How to download dynamically loaded content using python
Introduction
When you surf online, you occasionally visit websites that show content like videos or audio files which are dynamically loaded. This is basically done using AJAX calls or sessions where the URLs for these files are generated in some way for which you can not save them by normal means. A scenario would be like, for example, you visited a web page and a video is loaded through a video player like jwplayer after 1 or 2 secs. You want to save this but unfortunately you couldn’t do so by right-clicking on it and saving it as the player doesn’t show that option. Even if you use command line tool like wget or youtube-dl, it might be possible but for some reason it just doesn’t work. Another problem is that, there are still some javascript functions that need to be executed and until then, the video url does not get generated in the site. Now the question is, how would you download such files to your computer?
Well, there are different ways to download them. One way is to use a plugin or extension for the browser like Grab Any Media or FlashGot which can handle such requests and might allow you to download it. Now the thing is, lets say you want to download an entire set of videos that are loaded using different AJAX calls. In this case, the plugins or extensions, might work but it takes a long time to manually download each file. A better method would be to write a small script that automates this process. This tutorial aims to teach you guys on how to use the selenium web driver and do simple tasks like downloading dynamically loaded content in a website using python.
Prerequisites
For this tutorial, you need to have atleast some knowledge on how to program in python. If you don’t know anything about it, then I would suggest you to check out this site : http://www.tutorialspoint.com/python/. It is a great starting point to learn a new language and you can quickly learn the basics.

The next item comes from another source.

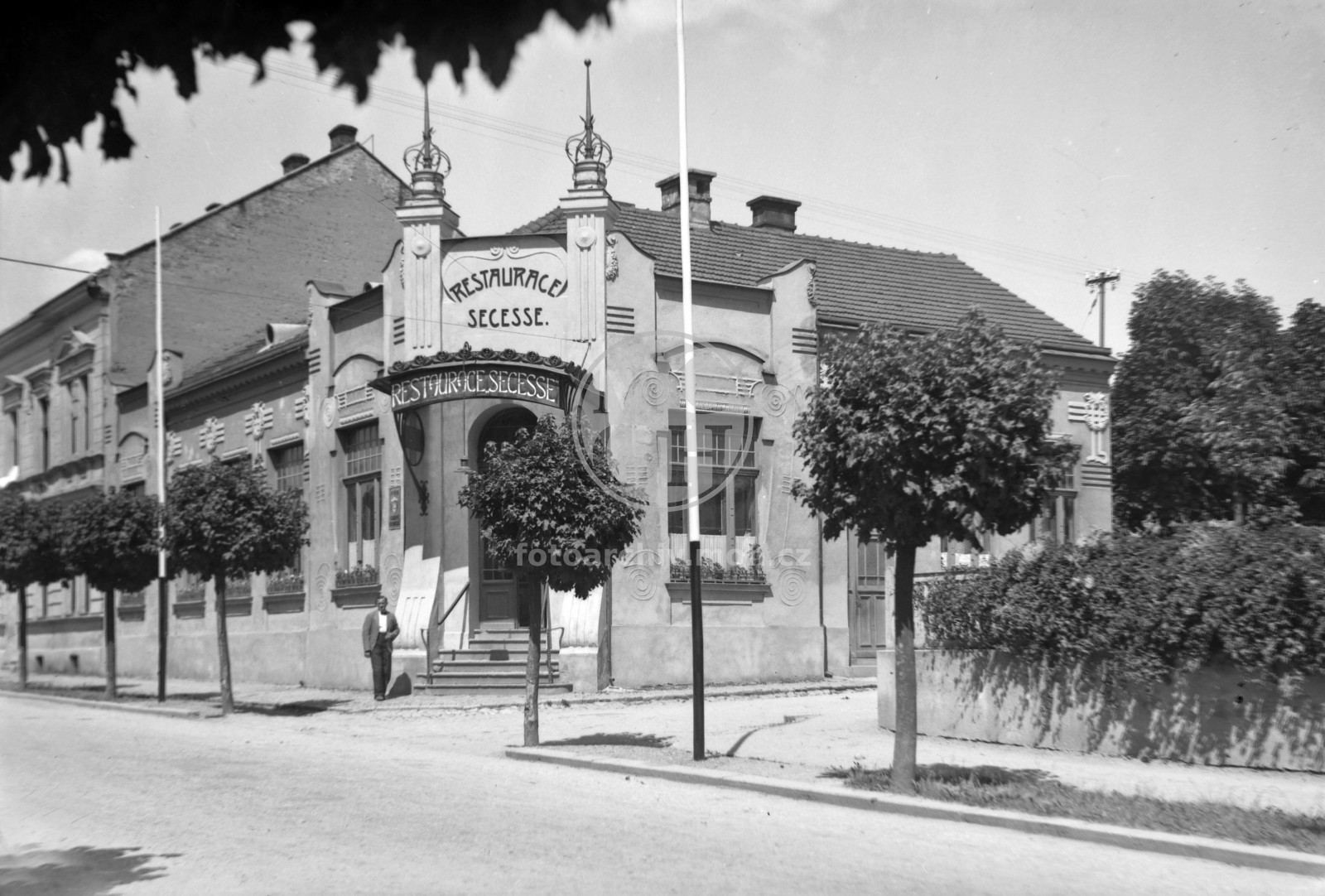 Negativ - Komenského ulice čp. 555, restaurace Secese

So, before we start, I would like to give an small introduction to the modules that I am going to use in my python script. The system that I’m using is a Ubuntu Studio 14.04. In order to install the modules, you can use python-pip and also you might need to have administrative privileges. Here are the modules as follows :
- Selenium Web Driver : The selenium framework is a suite of tools that can be used to test web applications and also automate the web browser tasks. By using it’s provided API, you can do simple tasks like automating administration work for a website or some website-related maintenance, by sending commands to the browser. It is supported in various programming languages like Python, Java, Javascript, PHP, C#, Perl, Ruby. To install this framework for python, just type the following command in the terminal :
pip install selenium
- BeautifulSoup : The bs4 is a HTML/XML parser that does a great job at screen-scraping elements and getting information like the tag names, attributes, and values. It also has set of methods that allow you do things like, to match certain instances of a text and retrieve all the elements that contain it. You can install this module like this :
pip install beautifulsoup4
- Python-Wget : This module is a python port for the wget command-line program. Its easy to setup and you can quickly download videos or files to your system by using its API. You can also follow the “traditional” method of downloading files, like using the standard
urllib
module or by doing a subprocess call to the wget command-line program, but for this tutorial, I will be using this module to get the job done. Here is how you install it :
pip install wget
- PhantomJS (Optional) : The PhantomJS is a headless browser (doesn’t have a front-end GUI and everything works at the backend) that is used for web page interaction. It is similar to the selenium web driver but the difference is that, it is headless. For this tutorial, I will be using the basic Firefox web driver via selenium, but you can test this out if you do not want a browser to popup every time the script runs. You can download the phantomjs executable from their homepage, but I advise you to use a downgraded version of this as the latest one might not be compatible with selenium module.
The Concept
The idea is basically :
- To get the web page using the selenium web driver.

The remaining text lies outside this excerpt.